*Task statement:* The records appear below. Repeat them exactly.

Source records

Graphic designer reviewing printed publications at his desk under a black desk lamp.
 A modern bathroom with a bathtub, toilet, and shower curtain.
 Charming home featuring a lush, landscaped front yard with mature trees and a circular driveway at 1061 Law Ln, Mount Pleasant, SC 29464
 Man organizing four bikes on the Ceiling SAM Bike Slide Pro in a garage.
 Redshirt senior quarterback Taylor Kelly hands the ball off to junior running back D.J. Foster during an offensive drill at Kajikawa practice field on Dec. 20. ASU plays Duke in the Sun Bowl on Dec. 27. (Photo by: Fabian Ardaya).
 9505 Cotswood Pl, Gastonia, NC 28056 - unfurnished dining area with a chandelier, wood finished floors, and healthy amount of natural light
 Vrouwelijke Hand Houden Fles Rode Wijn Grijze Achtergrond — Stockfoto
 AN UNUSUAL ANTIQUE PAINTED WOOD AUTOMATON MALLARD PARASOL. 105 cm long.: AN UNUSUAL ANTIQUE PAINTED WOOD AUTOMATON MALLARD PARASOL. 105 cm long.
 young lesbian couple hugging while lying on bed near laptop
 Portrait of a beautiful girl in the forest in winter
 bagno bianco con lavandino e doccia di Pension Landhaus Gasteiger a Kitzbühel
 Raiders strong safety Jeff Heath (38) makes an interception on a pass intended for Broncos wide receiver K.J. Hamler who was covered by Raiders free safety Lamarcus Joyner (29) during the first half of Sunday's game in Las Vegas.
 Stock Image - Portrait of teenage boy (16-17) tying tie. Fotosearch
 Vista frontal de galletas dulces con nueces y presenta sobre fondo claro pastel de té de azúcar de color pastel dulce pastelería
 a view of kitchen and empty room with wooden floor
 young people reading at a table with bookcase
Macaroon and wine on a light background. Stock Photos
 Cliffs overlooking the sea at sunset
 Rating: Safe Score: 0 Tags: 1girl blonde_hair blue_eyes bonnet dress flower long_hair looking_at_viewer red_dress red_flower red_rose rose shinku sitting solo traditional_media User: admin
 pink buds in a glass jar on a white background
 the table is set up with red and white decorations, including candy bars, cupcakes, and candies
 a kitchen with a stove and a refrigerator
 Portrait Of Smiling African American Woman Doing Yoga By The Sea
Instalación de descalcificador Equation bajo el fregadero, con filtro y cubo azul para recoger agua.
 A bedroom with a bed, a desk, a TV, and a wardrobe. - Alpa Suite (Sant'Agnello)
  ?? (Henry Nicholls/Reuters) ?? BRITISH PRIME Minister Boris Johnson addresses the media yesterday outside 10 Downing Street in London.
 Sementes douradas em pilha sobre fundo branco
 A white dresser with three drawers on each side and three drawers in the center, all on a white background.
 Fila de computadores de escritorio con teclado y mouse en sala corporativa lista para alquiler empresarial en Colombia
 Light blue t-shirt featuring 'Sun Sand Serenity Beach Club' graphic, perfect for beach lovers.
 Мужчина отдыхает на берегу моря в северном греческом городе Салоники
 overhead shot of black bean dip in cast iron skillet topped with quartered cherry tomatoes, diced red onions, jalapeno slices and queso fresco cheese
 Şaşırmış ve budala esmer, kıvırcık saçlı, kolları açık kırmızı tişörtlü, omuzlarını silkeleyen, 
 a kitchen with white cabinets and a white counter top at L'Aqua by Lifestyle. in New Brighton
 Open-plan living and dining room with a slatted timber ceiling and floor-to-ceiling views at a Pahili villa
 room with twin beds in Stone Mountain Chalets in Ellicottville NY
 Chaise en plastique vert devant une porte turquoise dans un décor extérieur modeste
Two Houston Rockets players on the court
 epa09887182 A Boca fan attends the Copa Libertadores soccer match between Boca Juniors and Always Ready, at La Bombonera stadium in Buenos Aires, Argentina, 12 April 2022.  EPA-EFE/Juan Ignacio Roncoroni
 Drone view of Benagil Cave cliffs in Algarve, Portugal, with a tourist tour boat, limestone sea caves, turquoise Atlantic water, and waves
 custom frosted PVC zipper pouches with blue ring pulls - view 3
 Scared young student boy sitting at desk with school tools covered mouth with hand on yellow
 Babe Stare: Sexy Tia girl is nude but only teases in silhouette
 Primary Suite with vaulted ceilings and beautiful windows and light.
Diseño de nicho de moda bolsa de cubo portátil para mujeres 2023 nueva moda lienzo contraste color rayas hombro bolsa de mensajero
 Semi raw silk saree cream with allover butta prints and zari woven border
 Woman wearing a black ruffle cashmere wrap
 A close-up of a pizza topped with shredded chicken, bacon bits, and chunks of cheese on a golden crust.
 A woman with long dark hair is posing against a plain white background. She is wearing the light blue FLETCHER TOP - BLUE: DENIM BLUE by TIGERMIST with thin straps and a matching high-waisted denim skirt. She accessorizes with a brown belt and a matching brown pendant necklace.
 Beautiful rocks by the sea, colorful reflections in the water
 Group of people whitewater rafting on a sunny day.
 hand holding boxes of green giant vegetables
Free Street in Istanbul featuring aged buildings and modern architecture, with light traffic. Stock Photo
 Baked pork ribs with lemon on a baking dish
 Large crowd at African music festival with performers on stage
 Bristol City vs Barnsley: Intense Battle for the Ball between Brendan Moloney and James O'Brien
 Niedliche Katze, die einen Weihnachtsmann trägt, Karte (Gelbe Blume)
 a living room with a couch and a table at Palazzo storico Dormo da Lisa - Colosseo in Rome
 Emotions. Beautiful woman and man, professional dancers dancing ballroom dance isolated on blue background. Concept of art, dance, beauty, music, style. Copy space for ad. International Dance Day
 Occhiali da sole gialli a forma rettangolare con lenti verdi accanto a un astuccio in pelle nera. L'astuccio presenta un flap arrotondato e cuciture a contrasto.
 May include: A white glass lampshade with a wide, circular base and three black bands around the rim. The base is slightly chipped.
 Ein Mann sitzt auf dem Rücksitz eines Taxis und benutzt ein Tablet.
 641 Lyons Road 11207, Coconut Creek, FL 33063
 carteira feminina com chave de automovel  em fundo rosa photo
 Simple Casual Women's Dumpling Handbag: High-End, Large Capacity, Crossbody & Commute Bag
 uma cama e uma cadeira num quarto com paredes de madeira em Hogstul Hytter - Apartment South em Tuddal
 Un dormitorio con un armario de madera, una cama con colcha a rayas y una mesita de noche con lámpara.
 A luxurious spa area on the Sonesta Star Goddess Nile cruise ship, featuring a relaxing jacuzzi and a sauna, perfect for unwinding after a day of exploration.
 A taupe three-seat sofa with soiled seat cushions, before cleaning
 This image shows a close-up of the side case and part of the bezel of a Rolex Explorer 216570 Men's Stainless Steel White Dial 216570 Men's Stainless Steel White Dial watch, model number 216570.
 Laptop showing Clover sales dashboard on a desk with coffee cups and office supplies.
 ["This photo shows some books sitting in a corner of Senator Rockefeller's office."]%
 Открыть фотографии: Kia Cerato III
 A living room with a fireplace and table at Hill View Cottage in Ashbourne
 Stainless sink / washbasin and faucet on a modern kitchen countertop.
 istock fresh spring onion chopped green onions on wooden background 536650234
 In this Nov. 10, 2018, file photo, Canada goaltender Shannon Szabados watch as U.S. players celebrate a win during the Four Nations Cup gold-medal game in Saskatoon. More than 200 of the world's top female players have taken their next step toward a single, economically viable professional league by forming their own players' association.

*Answer space:*
Graphic designer reviewing printed publications at his desk under a black desk lamp.
 A modern bathroom with a bathtub, toilet, and shower curtain.
 Charming home featuring a lush, landscaped front yard with mature trees and a circular driveway at 1061 Law Ln, Mount Pleasant, SC 29464
 Man organizing four bikes on the Ceiling SAM Bike Slide Pro in a garage.
 Redshirt senior quarterback Taylor Kelly hands the ball off to junior running back D.J. Foster during an offensive drill at Kajikawa practice field on Dec. 20. ASU plays Duke in the Sun Bowl on Dec. 27. (Photo by: Fabian Ardaya).
 9505 Cotswood Pl, Gastonia, NC 28056 - unfurnished dining area with a chandelier, wood finished floors, and healthy amount of natural light
 Vrouwelijke Hand Houden Fles Rode Wijn Grijze Achtergrond — Stockfoto
 AN UNUSUAL ANTIQUE PAINTED WOOD AUTOMATON MALLARD PARASOL. 105 cm long.: AN UNUSUAL ANTIQUE PAINTED WOOD AUTOMATON MALLARD PARASOL. 105 cm long.
 young lesbian couple hugging while lying on bed near laptop
 Portrait of a beautiful girl in the forest in winter
 bagno bianco con lavandino e doccia di Pension Landhaus Gasteiger a Kitzbühel
 Raiders strong safety Jeff Heath (38) makes an interception on a pass intended for Broncos wide receiver K.J. Hamler who was covered by Raiders free safety Lamarcus Joyner (29) during the first half of Sunday's game in Las Vegas.
 Stock Image - Portrait of teenage boy (16-17) tying tie. Fotosearch
 Vista frontal de galletas dulces con nueces y presenta sobre fondo claro pastel de té de azúcar de color pastel dulce pastelería
 a view of kitchen and empty room with wooden floor
 young people reading at a table with bookcase
Macaroon and wine on a light background. Stock Photos
 Cliffs overlooking the sea at sunset
 Rating: Safe Score: 0 Tags: 1girl blonde_hair blue_eyes bonnet dress flower long_hair looking_at_viewer red_dress red_flower red_rose rose shinku sitting solo traditional_media User: admin
 pink buds in a glass jar on a white background
 the table is set up with red and white decorations, including candy bars, cupcakes, and candies
 a kitchen with a stove and a refrigerator
 Portrait Of Smiling African American Woman Doing Yoga By The Sea
Instalación de descalcificador Equation bajo el fregadero, con filtro y cubo azul para recoger agua.
 A bedroom with a bed, a desk, a TV, and a wardrobe. - Alpa Suite (Sant'Agnello)
  ?? (Henry Nicholls/Reuters) ?? BRITISH PRIME Minister Boris Johnson addresses the media yesterday outside 10 Downing Street in London.
 Sementes douradas em pilha sobre fundo branco
 A white dresser with three drawers on each side and three drawers in the center, all on a white background.
 Fila de computadores de escritorio con teclado y mouse en sala corporativa lista para alquiler empresarial en Colombia
 Light blue t-shirt featuring 'Sun Sand Serenity Beach Club' graphic, perfect for beach lovers.
 Мужчина отдыхает на берегу моря в северном греческом городе Салоники
 overhead shot of black bean dip in cast iron skillet topped with quartered cherry tomatoes, diced red onions, jalapeno slices and queso fresco cheese
 Şaşırmış ve budala esmer, kıvırcık saçlı, kolları açık kırmızı tişörtlü, omuzlarını silkeleyen, 
 a kitchen with white cabinets and a white counter top at L'Aqua by Lifestyle. in New Brighton
 Open-plan living and dining room with a slatted timber ceiling and floor-to-ceiling views at a Pahili villa
 room with twin beds in Stone Mountain Chalets in Ellicottville NY
 Chaise en plastique vert devant une porte turquoise dans un décor extérieur modeste
Two Houston Rockets players on the court
 epa09887182 A Boca fan attends the Copa Libertadores soccer match between Boca Juniors and Always Ready, at La Bombonera stadium in Buenos Aires, Argentina, 12 April 2022.  EPA-EFE/Juan Ignacio Roncoroni
 Drone view of Benagil Cave cliffs in Algarve, Portugal, with a tourist tour boat, limestone sea caves, turquoise Atlantic water, and waves
 custom frosted PVC zipper pouches with blue ring pulls - view 3
 Scared young student boy sitting at desk with school tools covered mouth with hand on yellow
 Babe Stare: Sexy Tia girl is nude but only teases in silhouette
 Primary Suite with vaulted ceilings and beautiful windows and light.
Diseño de nicho de moda bolsa de cubo portátil para mujeres 2023 nueva moda lienzo contraste color rayas hombro bolsa de mensajero
 Semi raw silk saree cream with allover butta prints and zari woven border
 Woman wearing a black ruffle cashmere wrap
 A close-up of a pizza topped with shredded chicken, bacon bits, and chunks of cheese on a golden crust.
 A woman with long dark hair is posing against a plain white background. She is wearing the light blue FLETCHER TOP - BLUE: DENIM BLUE by TIGERMIST with thin straps and a matching high-waisted denim skirt. She accessorizes with a brown belt and a matching brown pendant necklace.
 Beautiful rocks by the sea, colorful reflections in the water
 Group of people whitewater rafting on a sunny day.
 hand holding boxes of green giant vegetables
Free Street in Istanbul featuring aged buildings and modern architecture, with light traffic. Stock Photo
 Baked pork ribs with lemon on a baking dish
 Large crowd at African music festival with performers on stage
 Bristol City vs Barnsley: Intense Battle for the Ball between Brendan Moloney and James O'Brien
 Niedliche Katze, die einen Weihnachtsmann trägt, Karte (Gelbe Blume)
 a living room with a couch and a table at Palazzo storico Dormo da Lisa - Colosseo in Rome
 Emotions. Beautiful woman and man, professional dancers dancing ballroom dance isolated on blue background. Concept of art, dance, beauty, music, style. Copy space for ad. International Dance Day
 Occhiali da sole gialli a forma rettangolare con lenti verdi accanto a un astuccio in pelle nera. L'astuccio presenta un flap arrotondato e cuciture a contrasto.
 May include: A white glass lampshade with a wide, circular base and three black bands around the rim. The base is slightly chipped.
 Ein Mann sitzt auf dem Rücksitz eines Taxis und benutzt ein Tablet.
 641 Lyons Road 11207, Coconut Creek, FL 33063
 carteira feminina com chave de automovel  em fundo rosa photo
 Simple Casual Women's Dumpling Handbag: High-End, Large Capacity, Crossbody & Commute Bag
 uma cama e uma cadeira num quarto com paredes de madeira em Hogstul Hytter - Apartment South em Tuddal
 Un dormitorio con un armario de madera, una cama con colcha a rayas y una mesita de noche con lámpara.
 A luxurious spa area on the Sonesta Star Goddess Nile cruise ship, featuring a relaxing jacuzzi and a sauna, perfect for unwinding after a day of exploration.
 A taupe three-seat sofa with soiled seat cushions, before cleaning
 This image shows a close-up of the side case and part of the bezel of a Rolex Explorer 216570 Men's Stainless Steel White Dial 216570 Men's Stainless Steel White Dial watch, model number 216570.
 Laptop showing Clover sales dashboard on a desk with coffee cups and office supplies.
 ["This photo shows some books sitting in a corner of Senator Rockefeller's office."]%
 Открыть фотографии: Kia Cerato III
 A living room with a fireplace and table at Hill View Cottage in Ashbourne
 Stainless sink / washbasin and faucet on a modern kitchen countertop.
 istock fresh spring onion chopped green onions on wooden background 536650234
 In this Nov. 10, 2018, file photo, Canada goaltender Shannon Szabados watch as U.S. players celebrate a win during the Four Nations Cup gold-medal game in Saskatoon. More than 200 of the world's top female players have taken their next step toward a single, economically viable professional league by forming their own players' association.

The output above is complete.